The Socials: No idea has been more effective in changing the landscape of love, friendship, and marketing. Not to mention, hatred, stupidity, and materialism. The globalization of human consciousness is one of the most profitable businesses of the 21st century.
Outside the virtual world of the socials is the pretty mundane, pretty ordinary real world filled with sweaty, awkward people. According to a popular theory about friendship in the real world, you are the average of the five people you spend the most time with.
Growing up, your friendships assemble into constellations only you can fathom. The time you spend inside this dreamy astronomical haven drastically reduces when adulthood and ambition take over.
Before you know, you are spending your time with a bunch of really shitty people – and you have no idea how you are down to this. Of course, by the aforementioned law of averages, you tend to become pretty shitty yourself.
This happens because good friendships are hard to come by in adulthood. The socials succeeded in part because they filled this void. We don’t feel the urge to make new friends anymore given how much of our needs the socials will be able to provide for.
With that, we are missing out on one of the most important needs in adulthood. The need to hear the truth.
Instead of looking for five badass friends to spend the most time with, look for one person that will tell you the truth. Not out of condescension, but out of hope; Not out of contempt, but out of liberty; Not out of envy, but out of encouragement; Not inside the hallowed walls of the virtual world, but inside whatever is left of a real conversation. That’s what makes for good friendship in adulthood.
All the banal crap you hear about friendship is the nincompoop that only fuels the dry dung of virtual network you take warmth in.
A friend in need is not a friend indeed. It just means you have a needy friend. Sometimes you are just better off asking him/her to get a grip rather than taking him/her out for a drink and asking him/her to, you know, *chill*.

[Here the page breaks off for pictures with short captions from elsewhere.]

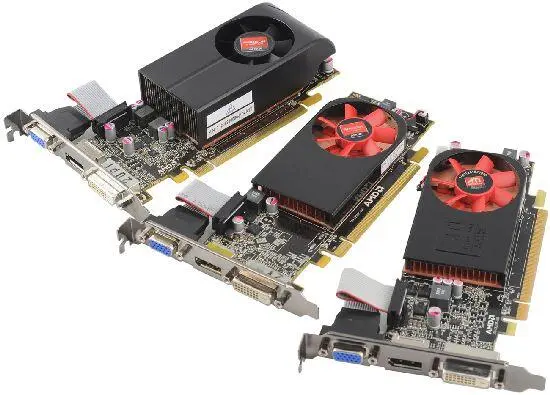 Основные технические характеристики видеокарты Radeon HD 6570 Графический - фото 44
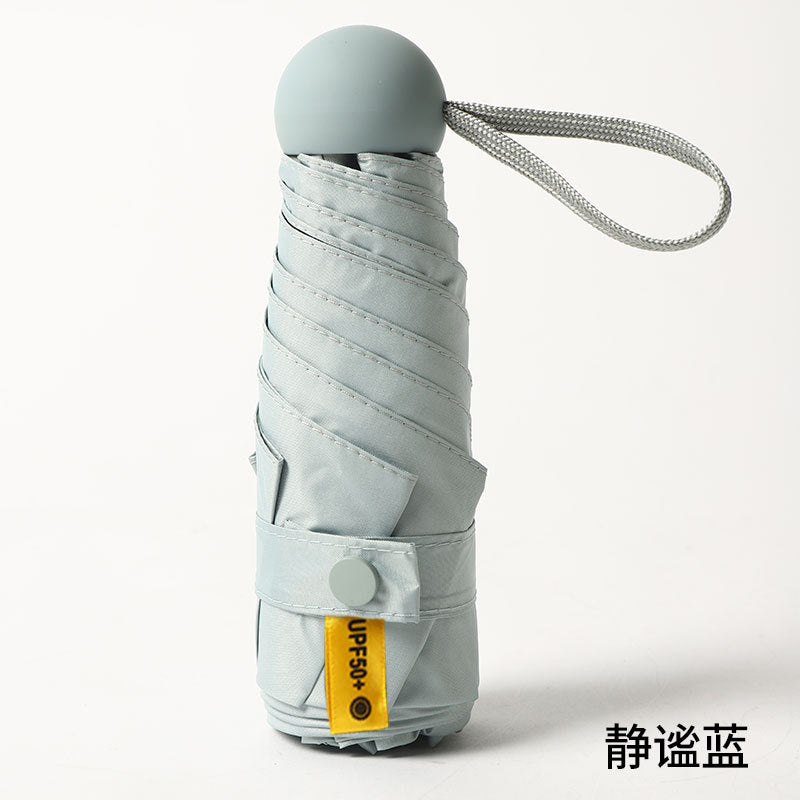 Mini Five-fold UV Umbrella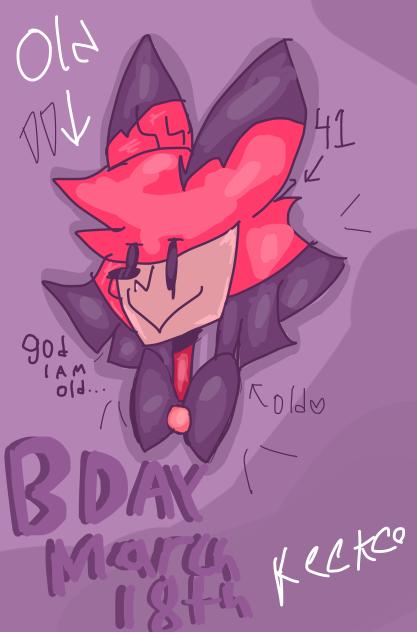 Day one realizing he is old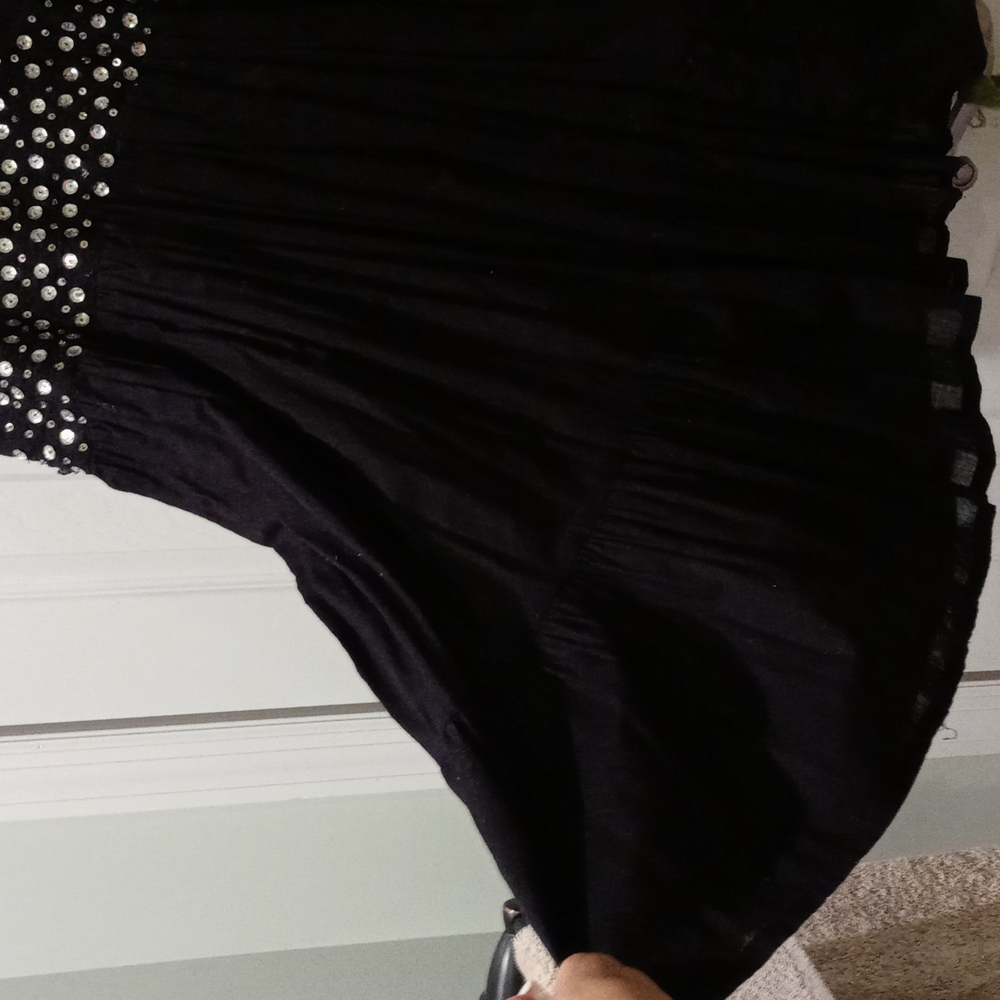 Venus Rhinestone little black dress - Picture 5 of 6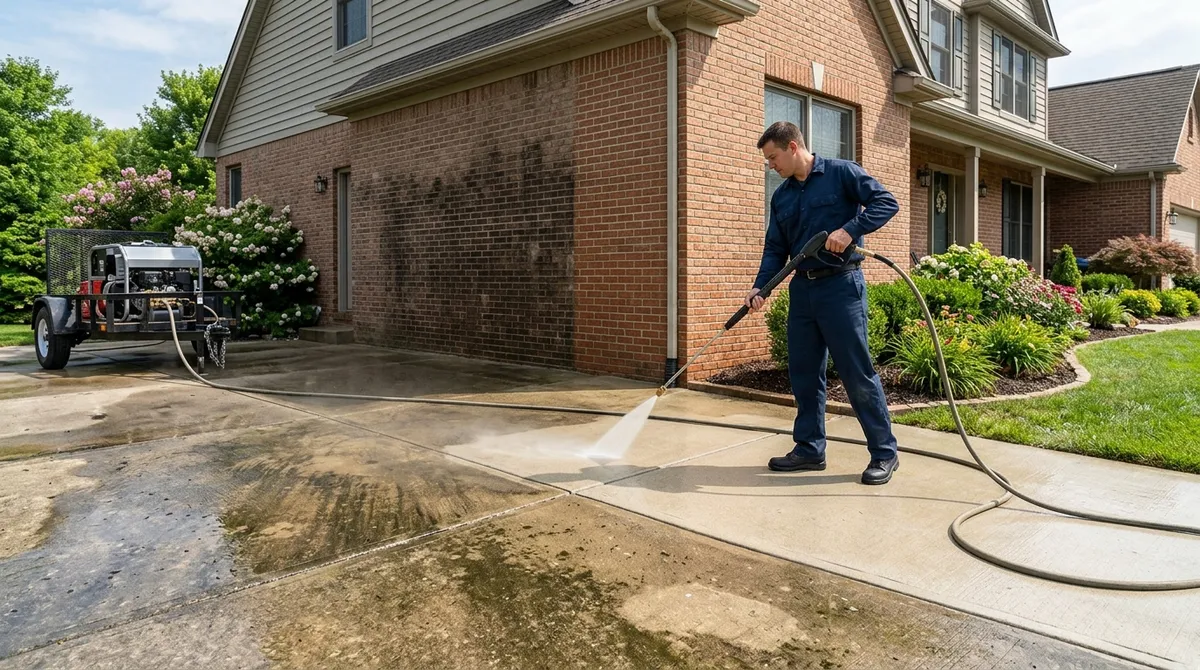 pressure washer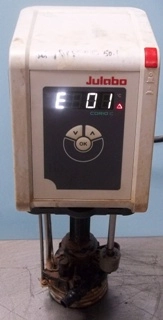 JULABO HEATED CIRCULATOR FOR BATH, MODEL: CORIO C, NO: 10283979, CLASS: DIN (12876-1):I, AC: 100V-11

The deepest friendships and the most real friends that are formed in adulthood are a result of being unafraid to call out bullshit on one another in the most loving way possible. In adulthood, you are lucky if you find at least one person who is able to tell you your truths regularly. It may be painful. And that’s because it’s real.
You are the average of the truths you are willing to hear. I hope you find one person to tell you some of it.
In the real world, friendship is something you enter into freely, without the imperatives of expectation, unconditional love or some batshit ability to see deep inside each other’s soul. You owe each other nothing. Only truth.
Love, that magic potion we all need, is an outcome of that.